Hester was an older woman of indeterminate years. Her hair, once vibrantly red, had faded to a rust color. Wrinkles ravaged her skin, and age had grayed the whites of her eyes. Despite her age—or perhaps because of it—there was a calm implacability about Hester. But the true reason Sarah had hired Hester was the look in the older woman’s eyes, a warmth revealing her caring nature. Hester granted her affection without reservation. She’d never met a stranger, she was fond of saying, and it was for that quality more than any other that Sarah had made her the duchess’s nurse.
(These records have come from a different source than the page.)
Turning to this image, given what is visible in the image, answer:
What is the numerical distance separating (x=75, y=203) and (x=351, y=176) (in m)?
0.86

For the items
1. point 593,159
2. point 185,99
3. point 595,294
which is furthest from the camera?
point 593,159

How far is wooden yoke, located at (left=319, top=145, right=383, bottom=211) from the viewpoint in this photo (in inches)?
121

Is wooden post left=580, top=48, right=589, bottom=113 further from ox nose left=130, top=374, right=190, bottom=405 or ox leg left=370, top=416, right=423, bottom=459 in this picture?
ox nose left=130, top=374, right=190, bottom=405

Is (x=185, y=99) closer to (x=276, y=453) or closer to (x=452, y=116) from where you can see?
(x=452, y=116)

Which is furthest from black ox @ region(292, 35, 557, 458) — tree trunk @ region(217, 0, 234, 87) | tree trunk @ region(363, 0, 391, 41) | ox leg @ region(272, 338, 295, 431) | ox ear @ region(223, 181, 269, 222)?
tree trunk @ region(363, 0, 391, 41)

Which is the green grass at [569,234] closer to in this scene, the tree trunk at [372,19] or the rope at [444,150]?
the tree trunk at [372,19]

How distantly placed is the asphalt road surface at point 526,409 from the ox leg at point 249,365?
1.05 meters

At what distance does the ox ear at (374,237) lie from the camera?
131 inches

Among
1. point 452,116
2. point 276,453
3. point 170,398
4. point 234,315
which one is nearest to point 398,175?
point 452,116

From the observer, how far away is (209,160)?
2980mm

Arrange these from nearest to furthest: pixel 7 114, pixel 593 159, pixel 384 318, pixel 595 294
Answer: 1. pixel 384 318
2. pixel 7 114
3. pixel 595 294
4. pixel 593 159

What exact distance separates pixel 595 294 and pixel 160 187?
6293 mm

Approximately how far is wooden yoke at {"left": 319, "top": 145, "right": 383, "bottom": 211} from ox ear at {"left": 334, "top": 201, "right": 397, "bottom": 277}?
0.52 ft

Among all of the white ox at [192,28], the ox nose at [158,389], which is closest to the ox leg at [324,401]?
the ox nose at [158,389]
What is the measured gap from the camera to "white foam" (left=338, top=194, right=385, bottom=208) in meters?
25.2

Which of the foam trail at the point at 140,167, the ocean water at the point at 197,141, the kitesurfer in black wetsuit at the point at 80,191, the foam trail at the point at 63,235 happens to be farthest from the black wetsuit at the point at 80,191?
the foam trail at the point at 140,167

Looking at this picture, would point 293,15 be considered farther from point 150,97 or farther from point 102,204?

Sarah sat on the straight-backed chair kept beside the bed for just such visits as these.

Her mother had not been well for years. In the last six months, however, the Duchess of Herridge had become so frail she was a mere shadow of herself. Her complexion was pale, almost waxy, and her lips had a bluish tinge. The hands resting on the top of the coverlet were so white and thin that Sarah could see the tracery of veins beneath the skin. Her rings had long since been placed in the duchess’s jewelry casket for safekeeping.

Lowering her head, Sarah kissed the back of her mother’s hand, wishing she could warm her in some way. Wishing, too, that her father was at his wife’s bedside, if not to say a final farewell, then at least to pretend to care.
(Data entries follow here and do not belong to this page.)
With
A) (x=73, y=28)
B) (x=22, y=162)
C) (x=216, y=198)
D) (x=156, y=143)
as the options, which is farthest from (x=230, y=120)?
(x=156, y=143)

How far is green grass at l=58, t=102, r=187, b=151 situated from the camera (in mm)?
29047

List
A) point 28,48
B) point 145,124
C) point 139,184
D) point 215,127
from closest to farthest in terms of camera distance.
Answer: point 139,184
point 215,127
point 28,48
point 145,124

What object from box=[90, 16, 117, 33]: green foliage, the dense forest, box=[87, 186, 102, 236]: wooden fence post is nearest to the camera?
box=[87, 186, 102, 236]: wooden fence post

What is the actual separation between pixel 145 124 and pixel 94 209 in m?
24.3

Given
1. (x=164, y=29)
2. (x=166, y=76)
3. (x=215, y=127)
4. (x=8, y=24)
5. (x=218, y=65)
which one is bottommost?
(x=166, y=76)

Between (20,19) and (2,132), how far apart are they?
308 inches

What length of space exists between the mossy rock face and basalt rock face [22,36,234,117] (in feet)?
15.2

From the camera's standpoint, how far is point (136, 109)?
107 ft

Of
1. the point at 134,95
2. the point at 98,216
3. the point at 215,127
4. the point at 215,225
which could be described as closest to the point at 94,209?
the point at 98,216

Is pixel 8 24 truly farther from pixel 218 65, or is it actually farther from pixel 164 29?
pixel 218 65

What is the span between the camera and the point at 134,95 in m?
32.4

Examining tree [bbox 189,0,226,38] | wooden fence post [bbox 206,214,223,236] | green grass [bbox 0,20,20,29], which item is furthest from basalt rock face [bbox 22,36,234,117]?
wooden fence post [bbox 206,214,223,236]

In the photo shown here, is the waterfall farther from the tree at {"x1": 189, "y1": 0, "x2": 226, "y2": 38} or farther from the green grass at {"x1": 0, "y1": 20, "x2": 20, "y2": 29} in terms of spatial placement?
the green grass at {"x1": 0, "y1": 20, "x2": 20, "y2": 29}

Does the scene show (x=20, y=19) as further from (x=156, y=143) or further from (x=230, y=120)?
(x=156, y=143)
Her mother’s breathing was labored. At the end of each struggling breath, Sarah found herself inhaling deeply, as if to infuse her mother’s lungs with air.

“What can I do?” she whispered. The question was addressed to God, to her mother, to Fate itself, but Hester answered.
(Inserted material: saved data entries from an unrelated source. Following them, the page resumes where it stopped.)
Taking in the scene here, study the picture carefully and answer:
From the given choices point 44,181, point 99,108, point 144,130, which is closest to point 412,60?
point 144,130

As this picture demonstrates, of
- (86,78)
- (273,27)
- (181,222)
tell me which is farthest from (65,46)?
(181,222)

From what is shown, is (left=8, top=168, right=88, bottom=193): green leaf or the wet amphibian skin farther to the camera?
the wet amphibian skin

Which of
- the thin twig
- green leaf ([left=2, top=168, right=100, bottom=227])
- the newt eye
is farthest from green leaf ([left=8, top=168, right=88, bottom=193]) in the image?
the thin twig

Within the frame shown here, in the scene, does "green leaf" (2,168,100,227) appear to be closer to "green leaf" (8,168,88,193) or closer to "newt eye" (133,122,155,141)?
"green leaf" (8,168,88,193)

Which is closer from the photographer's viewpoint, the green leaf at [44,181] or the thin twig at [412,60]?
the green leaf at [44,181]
“Go on as you have,” Hester said kindly. “God gives us trials and tribulations to test us, Lady Sarah.”

Just how many trials and tribulations did one life deserve? Her mother loved a man who didn’t care about her affection. She’d lost four children before they’d drawn breath.

The door opened suddenly, surprising her. She glanced over her shoulder to see Eston standing there, accompanied by Thomas.

Would he not give her any privacy, even here?

Hester stood, but Eston waved her back in her chair.

He didn’t speak, merely entered the room softly, to take a stance behind Sarah. He placed his hand on her shoulder, and she flinched from his touch, even as she realized it was a gesture of support. Despite her rebuff, however, his hand remained, and she gradually relaxed, feeling the warmth from his palm permeate the fabric of her dress.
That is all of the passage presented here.